## ASSIGNMENT
Every line below between the one holding "The patient had" and the one holding "Manish Goyal vs.", inclusive, should be copied exactly, and no other line.

## DATASET CONTENT
"""
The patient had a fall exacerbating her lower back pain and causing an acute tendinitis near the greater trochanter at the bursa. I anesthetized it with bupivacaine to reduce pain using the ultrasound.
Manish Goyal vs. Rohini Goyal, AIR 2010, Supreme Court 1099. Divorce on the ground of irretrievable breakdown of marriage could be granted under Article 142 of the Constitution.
"""
"""
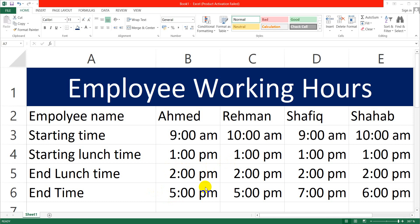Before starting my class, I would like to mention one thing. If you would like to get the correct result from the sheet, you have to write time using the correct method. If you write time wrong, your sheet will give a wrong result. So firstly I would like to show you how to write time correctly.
"""
## TASK RESPONSE
The patient had a fall exacerbating her lower back pain and causing an acute tendinitis near the greater trochanter at the bursa. I anesthetized it with bupivacaine to reduce pain using the ultrasound.
Manish Goyal vs. Rohini Goyal, AIR 2010, Supreme Court 1099. Divorce on the ground of irretrievable breakdown of marriage could be granted under Article 142 of the Constitution.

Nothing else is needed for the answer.